**Record extracts**.
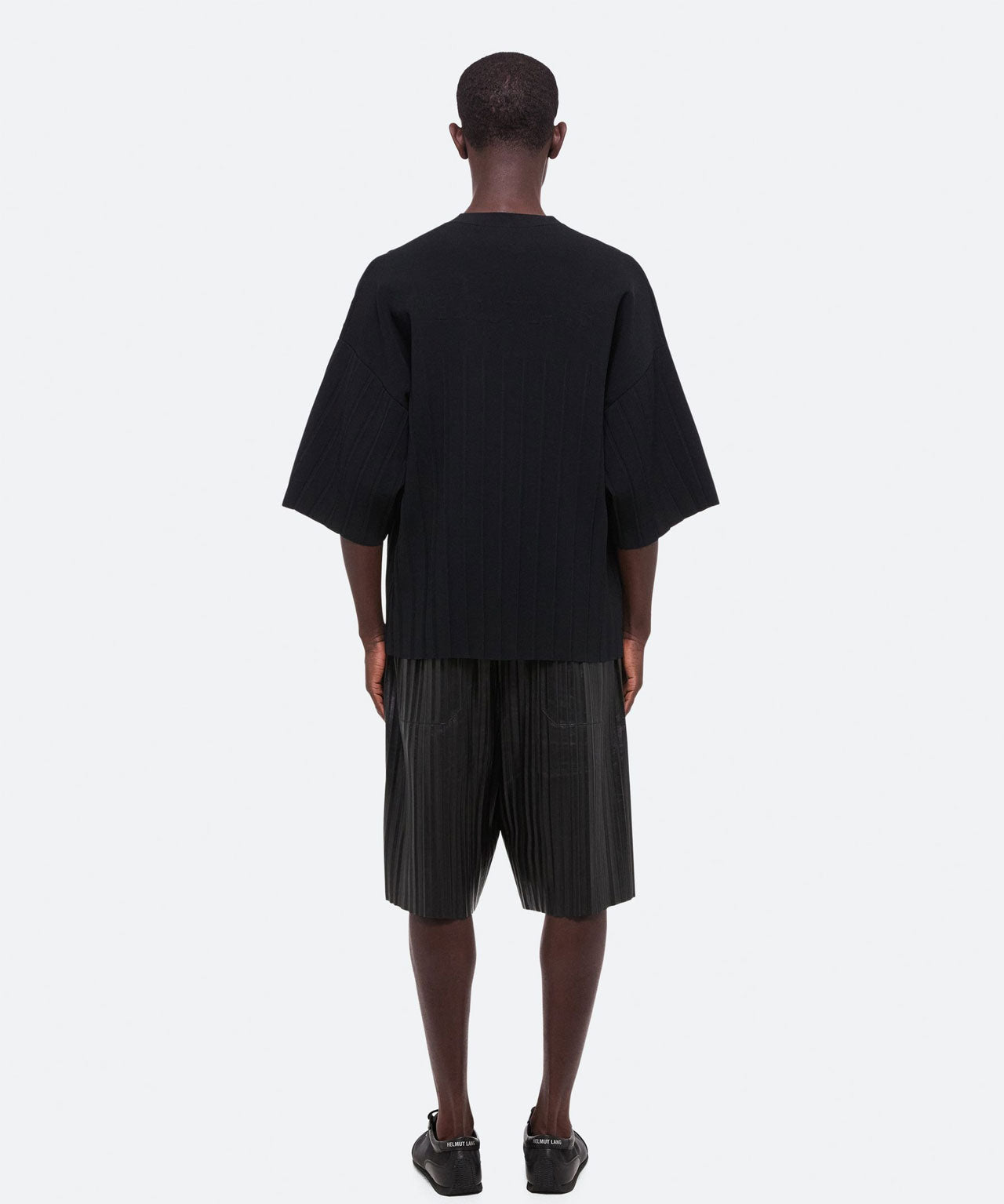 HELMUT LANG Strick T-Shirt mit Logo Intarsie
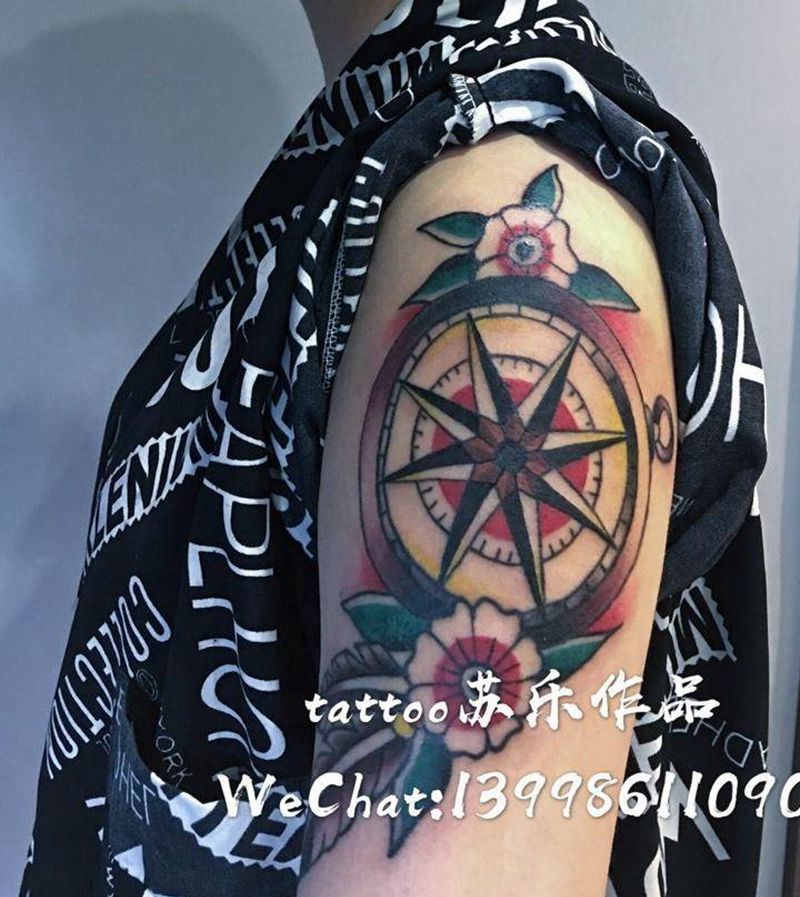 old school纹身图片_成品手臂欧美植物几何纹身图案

--

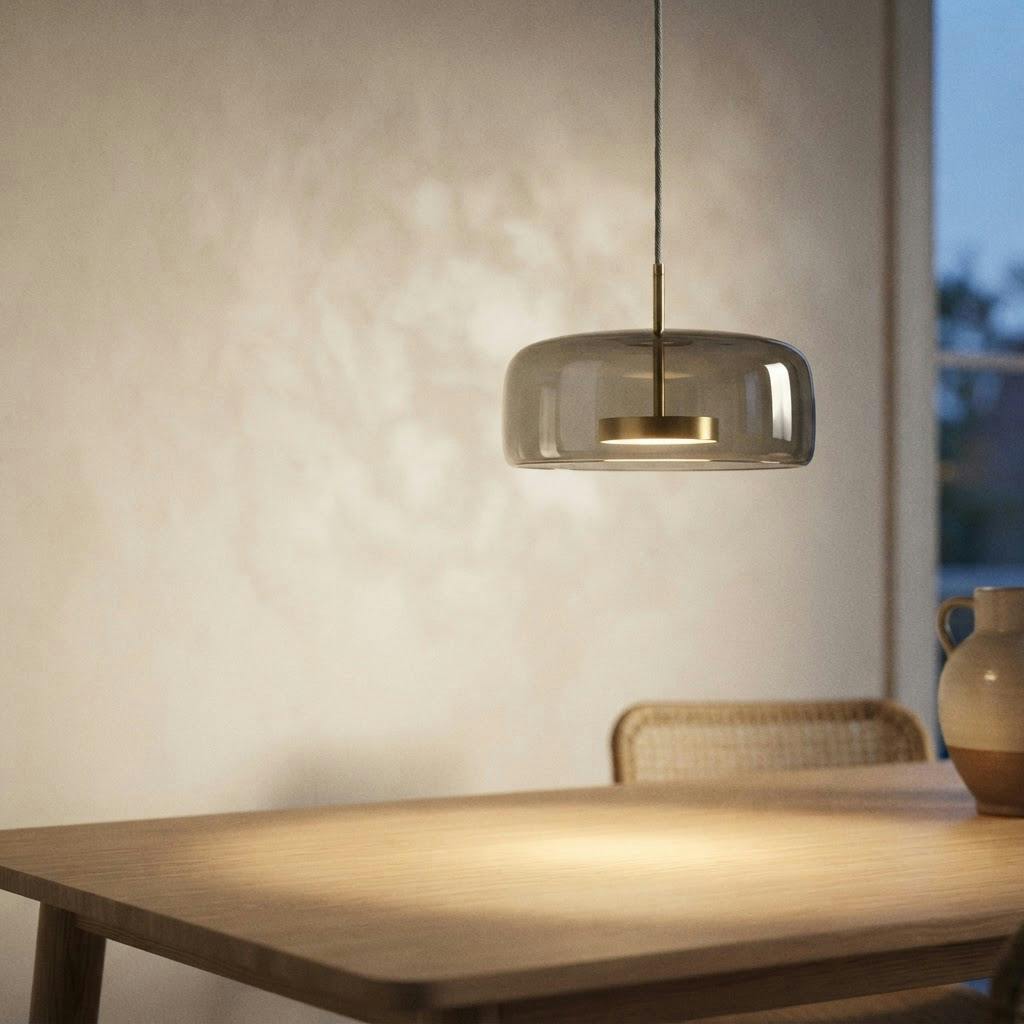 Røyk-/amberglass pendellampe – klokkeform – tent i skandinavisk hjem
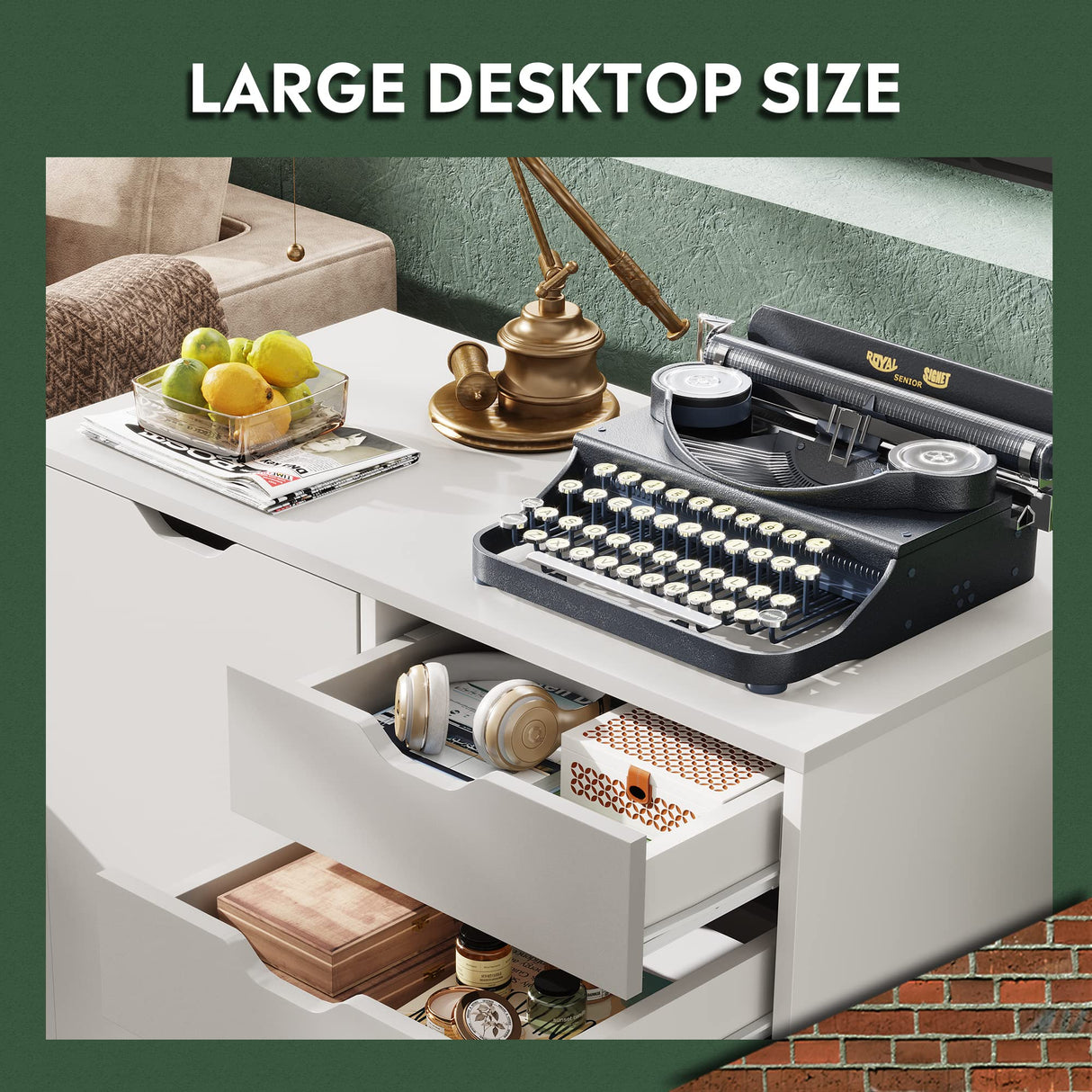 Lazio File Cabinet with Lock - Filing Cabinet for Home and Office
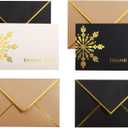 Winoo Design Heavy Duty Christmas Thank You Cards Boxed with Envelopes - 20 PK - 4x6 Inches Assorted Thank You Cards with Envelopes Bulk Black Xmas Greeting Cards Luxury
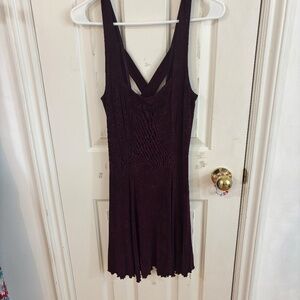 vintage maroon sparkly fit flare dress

...

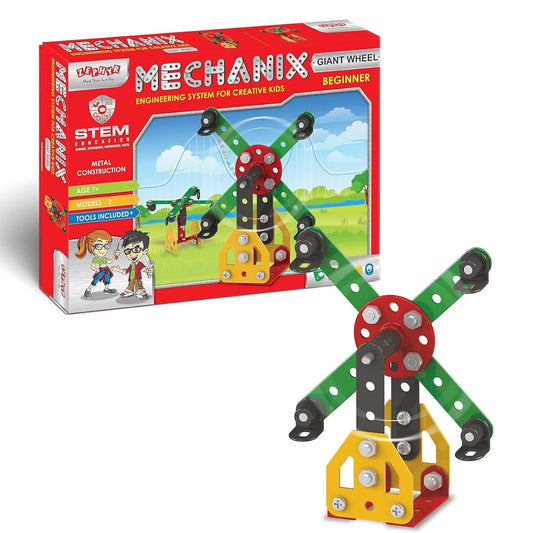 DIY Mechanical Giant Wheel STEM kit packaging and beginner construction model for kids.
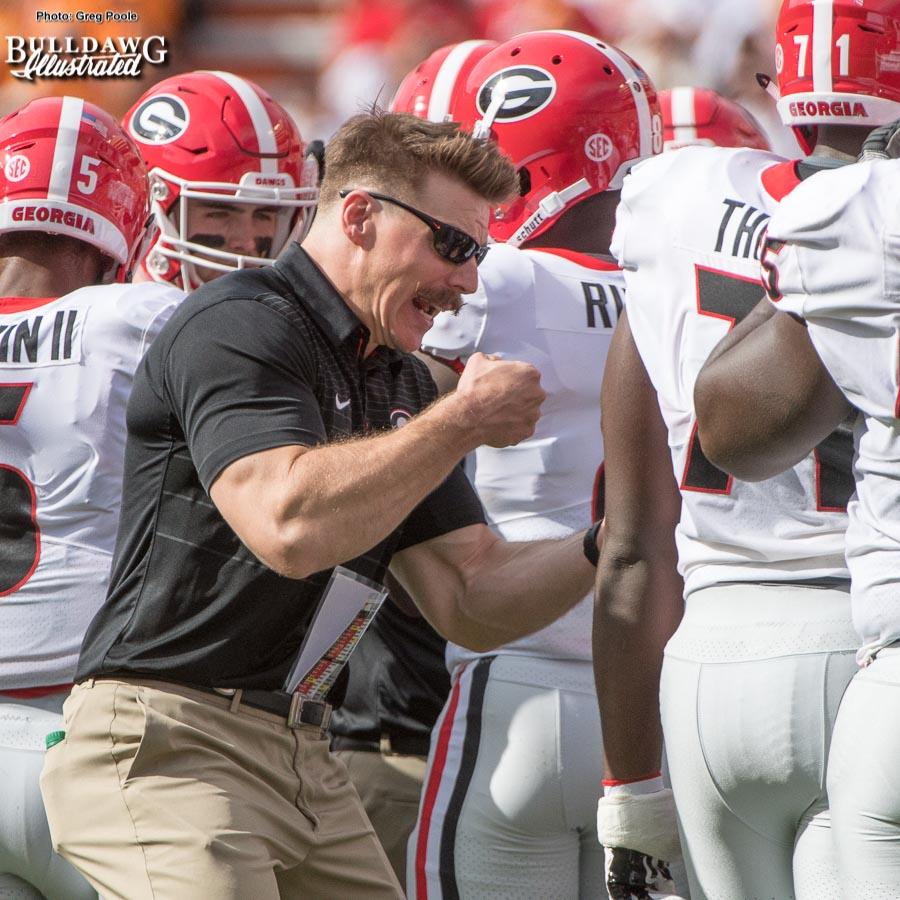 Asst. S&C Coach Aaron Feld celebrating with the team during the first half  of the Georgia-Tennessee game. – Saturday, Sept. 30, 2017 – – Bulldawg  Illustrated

**Exercise**. Return word for word the lines of the listing above, starting at the line with "Røyk-/amberglass pendellampe –" and ending at the line with "vintage maroon sparkly fit flare dress", both included. Pictures do not belong in the copy.

**Solution below**.
 Røyk-/amberglass pendellampe – klokkeform – tent i skandinavisk hjem
 Lazio File Cabinet with Lock - Filing Cabinet for Home and Office
 Winoo Design Heavy Duty Christmas Thank You Cards Boxed with Envelopes - 20 PK - 4x6 Inches Assorted Thank You Cards with Envelopes Bulk Black Xmas Greeting Cards Luxury
 vintage maroon sparkly fit flare dress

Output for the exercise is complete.